Abstract:
Let $X_1, X_2,\dots$ be i.i.d. random vectors in $\mathbf R^d$ with distribution $F$. Then $S_n = X_1+\dots+X_n$ has distribution $F^n$ (degree is understood in the sense of convolutions). Let $ \rho(F,G) = \sup_A |F\{A\} - G\{A\}| $, where the supremum is taken over all convex subsets of $\mathbf R^d$. For any nontrivial distribution $F$ there is $c_1(F)$ such that $ \rho(F^n, F^{n+1})\leq \frac{c_1(F)}{\sqrt n} $ for any natural $n$. The distribution $F$ is called trivial if it is concentrated on a hyperplane that does not contain the origin. Clearly, for such $F$, $ \rho(F^n, F^{n+1}) = 1 $. A similar result for the Prokhorov distance is also formulated.

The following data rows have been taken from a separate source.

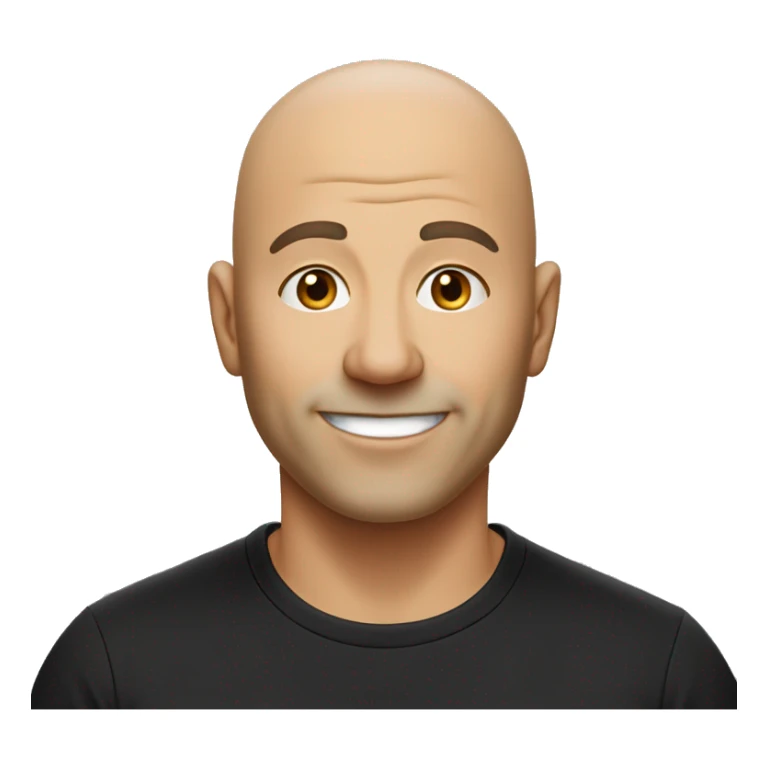 smiling bald man in middle age without the mustache and a little beard under his lips wearing a black t-shirt sticker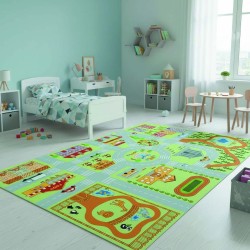 Lernspielmatte für Kinder – Stadtplan mit Straßen, Schule, Zoo, Park, abwaschbar, rutschfeste Unterseite, Autospiel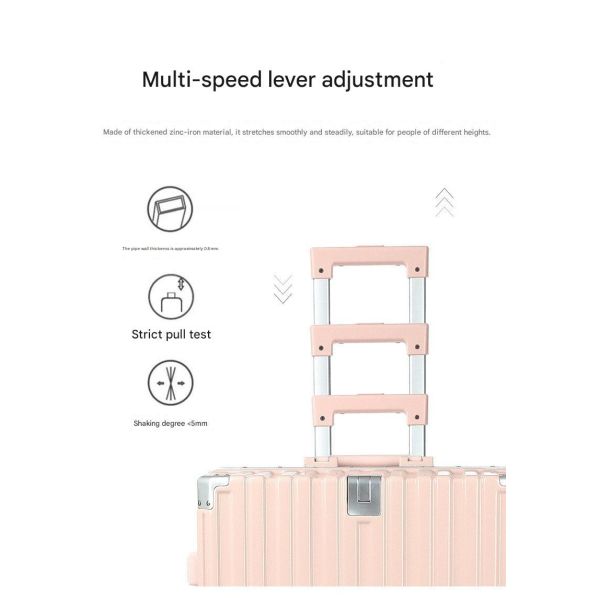 1682 Aluminum Frame Luggage with Telescopic Handle Password Lock and Impact-Resistant Design for Versatile Travel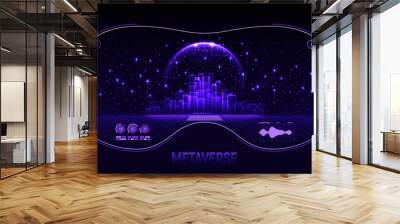 Metaverse city future concept. View from vr glasses on concept of virtual digital reality. Simulation of network futuristic world. Future digital technology metaverse. 3d vector illustration. Wall mural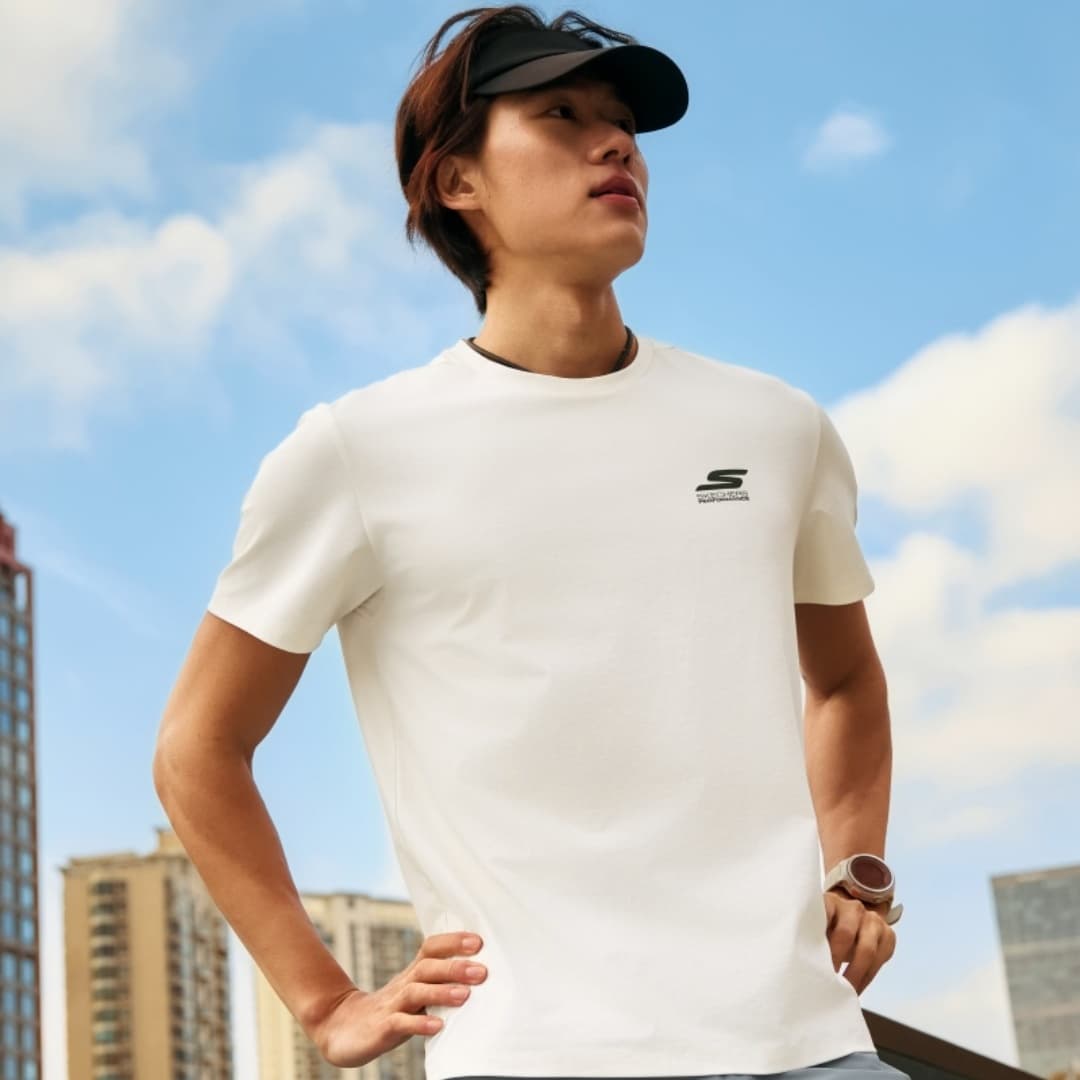 Skechers Зефирный Белый 0074 Мужской Быстросохнущая T-Рубашка - изображение 6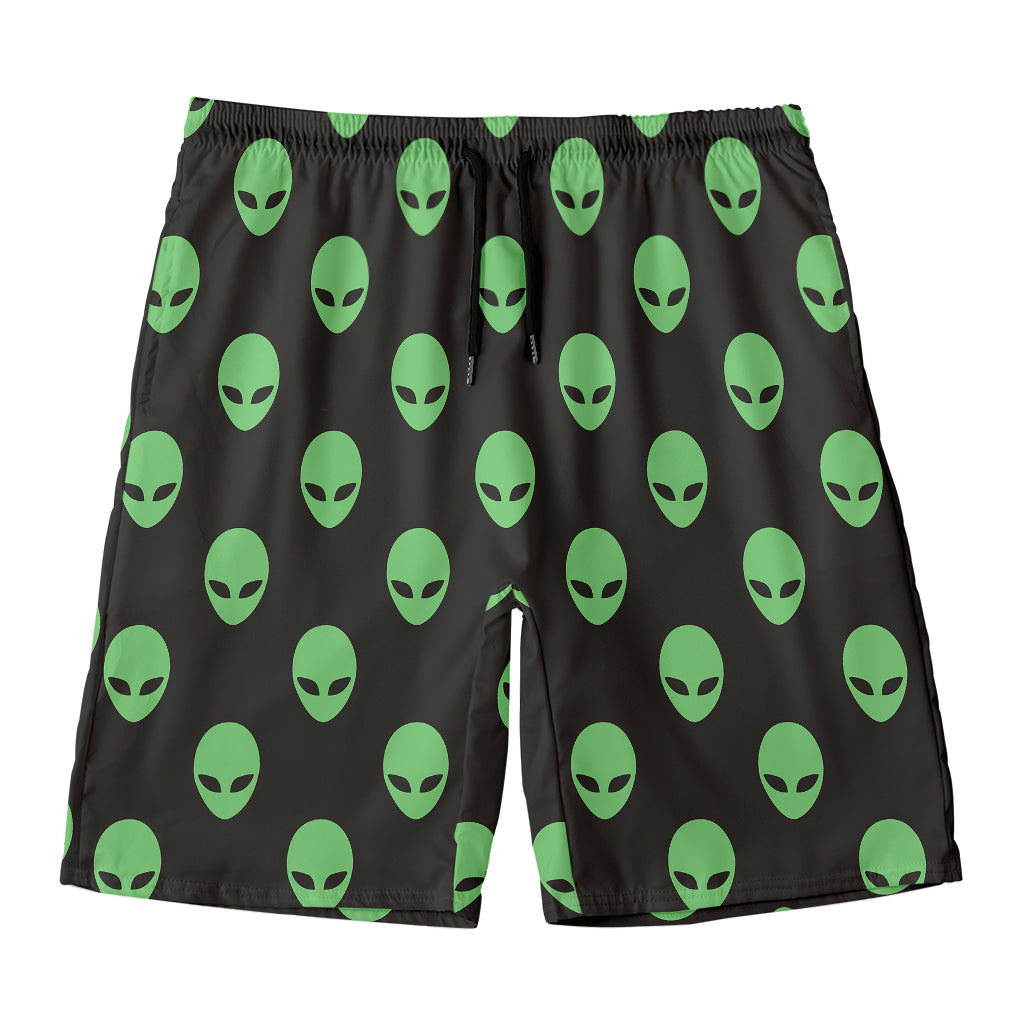 Green Alien Face Print Men's Swim Trunks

For any $d$-dimensional distribution $F$ there is $c_2(F)$ such that $ (F^n)\{A\}\le (F^{n+1})\{A^{c_2(F)}\}+\frac{c_2(F)}{\sqrt{n}}$ and $(F^{n+1})\{A\}\leq (F^n)\{A^{c_2(F)}\}+\frac{c_2(F)} {\sqrt{n}} $ for all Borel set $ A $ and all natural $n$. Here $A^{\varepsilon }$ is $ \varepsilon $-neighborhood of the set $ A $.
Key words and phrases:sums of independent random variables, proximity of successive convolutions, convex sets, Prokhorov distance, inequalities.